-- What you should do --
The data must be transcribed exactly, with no line missing.

-- Data --
+-------+

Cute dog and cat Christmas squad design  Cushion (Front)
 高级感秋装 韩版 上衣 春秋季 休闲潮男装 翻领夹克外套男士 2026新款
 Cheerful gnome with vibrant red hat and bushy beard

+-------+

-- Your solution --
Cute dog and cat Christmas squad design  Cushion (Front)
 高级感秋装 韩版 上衣 春秋季 休闲潮男装 翻领夹克外套男士 2026新款
 Cheerful gnome with vibrant red hat and bushy beard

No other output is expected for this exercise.